- While most people know about the Indonesian island of Bali as a beach paradise, I found the interior jungle, and specifically the city of Ubud, to be a far more interesting place to explore.
- Ubud has a bustling community of local Balinese, digital nomads working on startups, and vacationers exploring Ubud’s mix of rice terraces, temples, spiritual retreats, yoga and meditation classes, and villas set into the countryside.
- Ubud would be easy to make fun of due to its proliferation of New Agey seekers, vegan and raw food establishments, and more, but it’s the earnestness and positivity that permeates the city that makes it a place you want to experience and return to.

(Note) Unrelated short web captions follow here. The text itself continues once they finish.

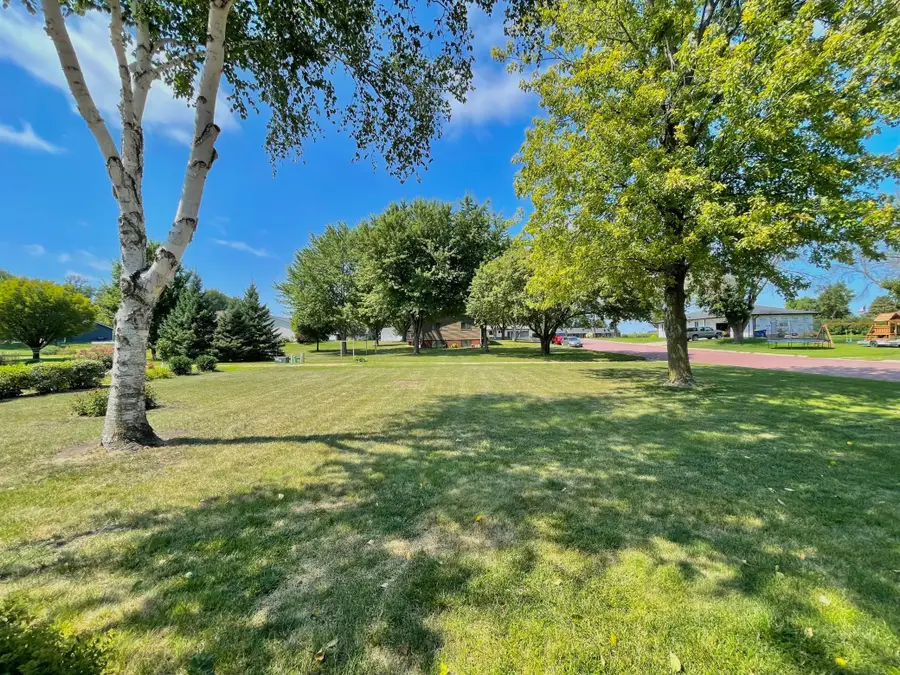 404 S Paffrath Avenue, Springfield, MN 56087 - #3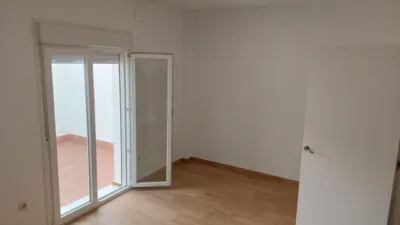 Apartamento en alquiler en Calle de Francisco Carmona Machado, Castilleja de la Cuesta de 700 €<span>/mes</span>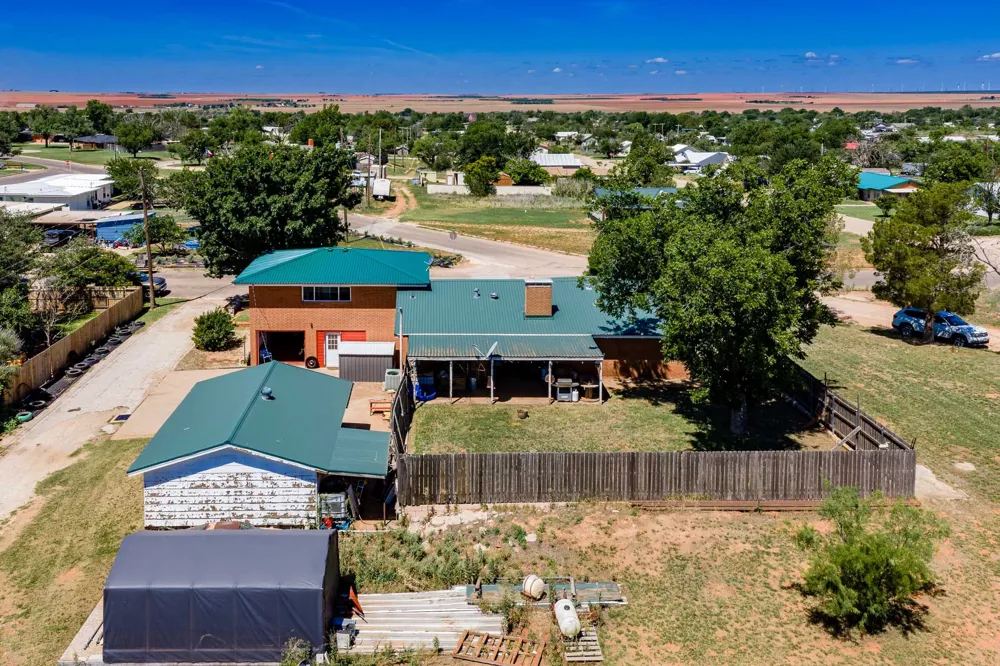 510 Elizabeth Avenue Rotan, TX 79546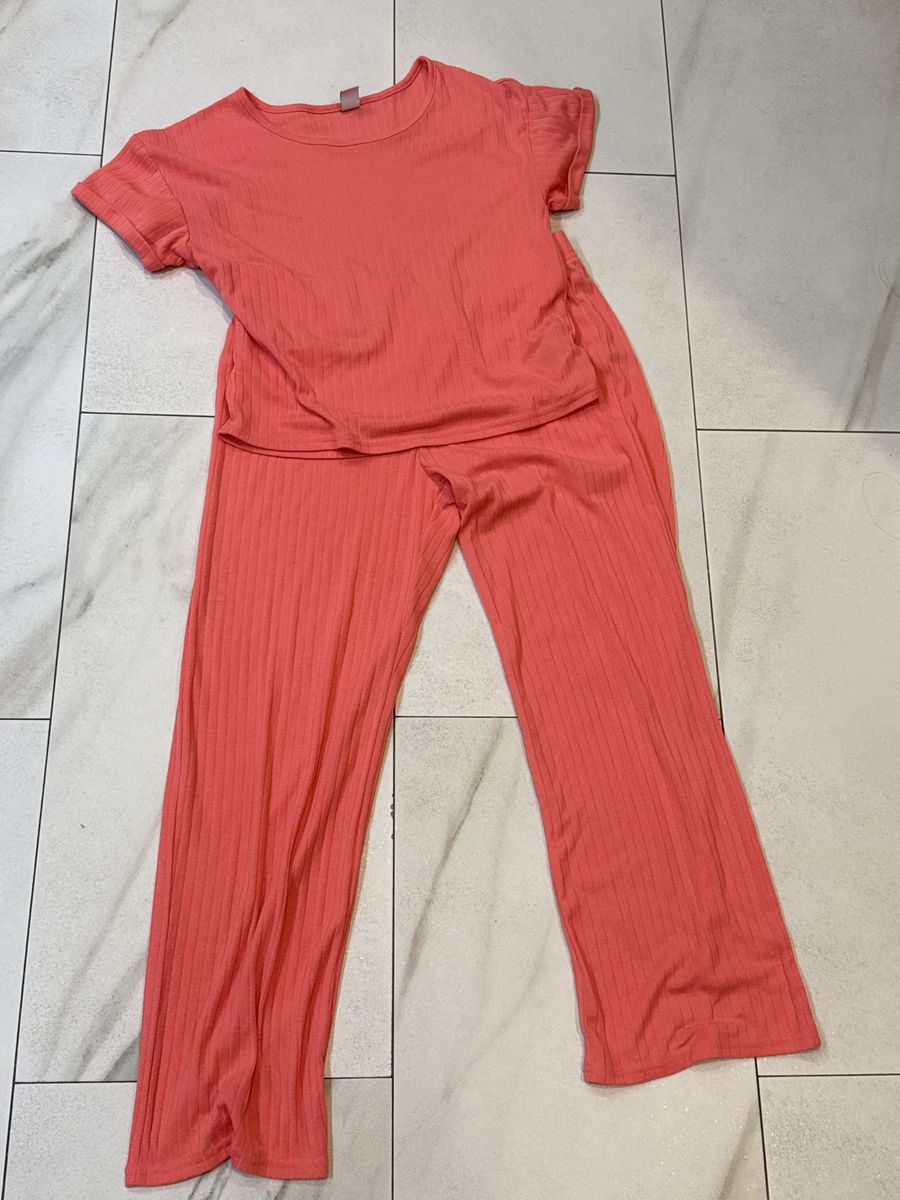Ribbed Knit Short Sleeve Shirt & Wide Leg Pant Set - Coral Pink Lounge Wear Size 10-12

Bali is the kind of place you visit more than once.
When my driver, a burly man named Wayan, picked me up from the airport during a trip to the island this past May, the first thing he said to me was, “Welcome back. So, how many times have you been to Bali?”
In most places, I’d think he was making a joke. It was my first time to the island, after all. But, in Bali, the vacationers, expats, and travellers always seem to come more than once.
From a Filippino yoga teacher to a German programmer to a Australian cafe owner and countless others I met, again and again, I heard a similar refrain: I came here the first time not knowing what to expect, but after being in Bali for a few days, I knew I’d be back. Now it’s my fourth, fifth, or tenth time.
It didn’t take me long to figure out why. While Bali has become known for its endless parade of Instagram influencers, honeymooners lying in infinity pools, and beach sunsets to end all beach sunsets, I think it’s the city of Ubud and the jungle interior of the island that keeps people coming back.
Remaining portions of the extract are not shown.